Critics, including some of mine, have pointed to the fact that many of the instruments used to measure global warming were placed in locations where it was bound to get warmer anyway. They found some of the gauges placed on rooftops, near blacktopped parking lots and in the middle of cities where the commonly understood Heat Island Effect was at play. Cities are warmer than the country.
So BEST went to work to gather the data and do some measurements of its own. I’m not saying that the project had an agenda, but part of its funding came from the Charles G. Koch Foundation. The Koch fortune is largely from fossil fuel refining, and Charles and David Koch are among the most powerful forces behind the denial of global warming science.
BEST set out to disprove the conclusions of NASA’S Goddard Institute for Space Studies (GISS), the National Oceanic and Atmospheric Administration (NOAA) and the Hadley Center for Climate Prediction and Research in Great Britain. Each of them had arrived, separately, at remarkably similar figures showing how much the Earth was warming. BEST took on the gargantuan task of analyzing 1.6 billion data points. What Muller and his team of skeptical scientists found was, despite the poor siting of some of the measuring stations, NOAA, GISS and Hadley had gotten it right.
On Friday, Muller addressed all global-warming skeptics in the Wall Street Journal by saying, “Now let me explain why you should not be a skeptic, at least not any longer.” He went on to explain what BEST had found, and how it had found it.
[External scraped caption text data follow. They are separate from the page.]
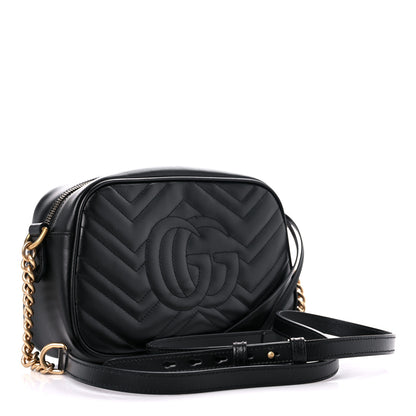 Gucci Calfskin Matelasse Small GG Marmont Chain Shoulder Bag Black 3 of 10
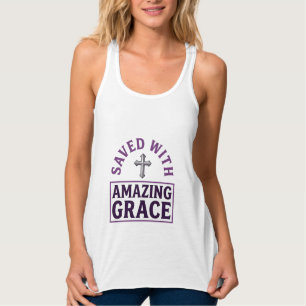 Amazing Grace Christian Cross Vintage Singlet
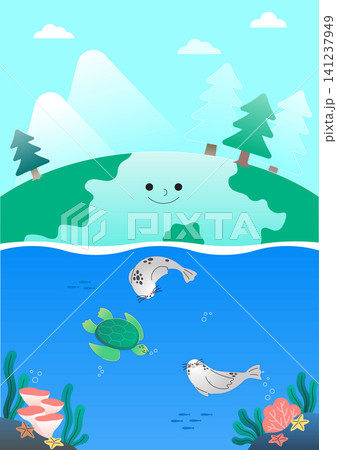 A cartoon earth smiles at the viewer while trees surround it. Below the water, a turtle swims alongside two fish. Bright colors fill the scene with sea plants. 141237949
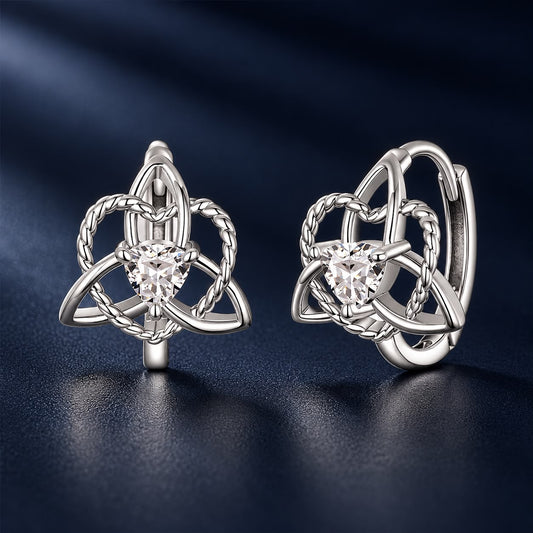 925 Sterling Silver White Gold Plated Pavé CZ 1.5x1.2cm Hoop Earrings for Women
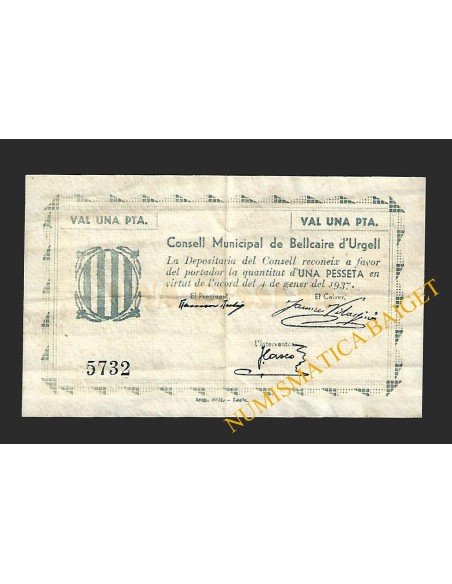 BELLCAIRE D'URGELL (Lleida) - 1 pesseta 1937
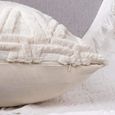 2 pcs doux peluche laine courte velours décoratif housses de coussin style pour canapé chambre beige 60 x 60 cm-2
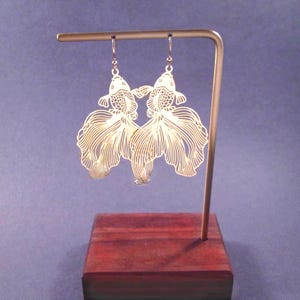 Koi Fish Earrings, Gold Dangle Earrings, FREE Shipping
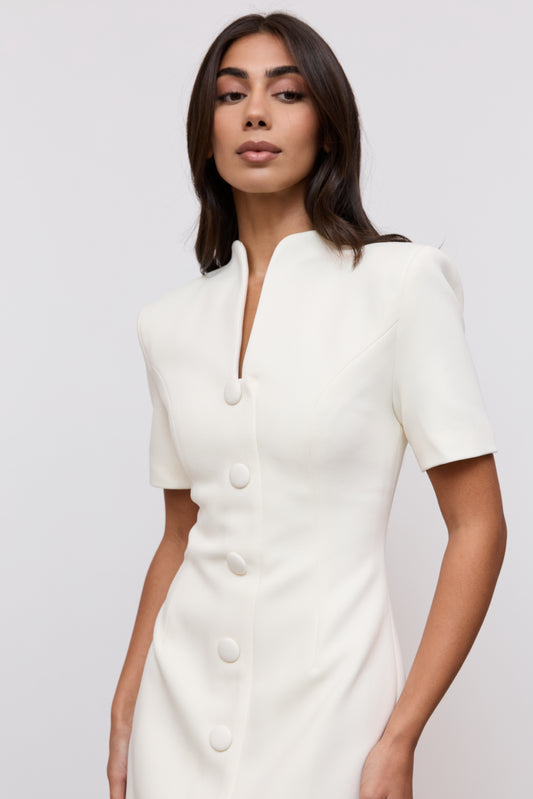 Cotton Mix Button Midi Dress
He reported the final paper, which has yet to be peer-reviewed, found that the Urban Heat Island argument did not stand up. The data showed that poorly positioned measuring stations showed no greater temperature increases than the better ones.
In other words, the skeptical funders of the study just backed the wrong horse. Charles Koch helped pay for a study that says everything Charles Koch believes in is wrong.
Over his career, Muller has said so many awful things about so many good scientists that they are not likely to let him off the hook. Grudges are hard things to let go. But I hold no grudge against Muller, even though his behavior, on occasion, has been ungentlemanly and hurtful. So, let me say it takes guts for Muller to stand up and say he was wrong. I admire facts and knowledge, and apparently, so does Muller. He couldn’t run from them. No one can, no matter how hard we try to wish them away, no matter how much the facts harm our vested interests, your political leanings or how often you argued with your brother-in-law about the poor quality of the temperature measurements. It made you sound smart, then.
Now, a word about skepticism. It is a good thing. In fact, it is what makes the scientific world go round. Every scientist worth his or her salt is trying to disprove something, or ought to be. When he or she cannot disprove a thing, then they set to work through experiment and observation to prove it. In fact, when the news broke about the BEST results and Muller put his four papers online for scientists to see, the first critics of his work were the scientists he just found were correct in their calculations. Here are the Berkeley papers.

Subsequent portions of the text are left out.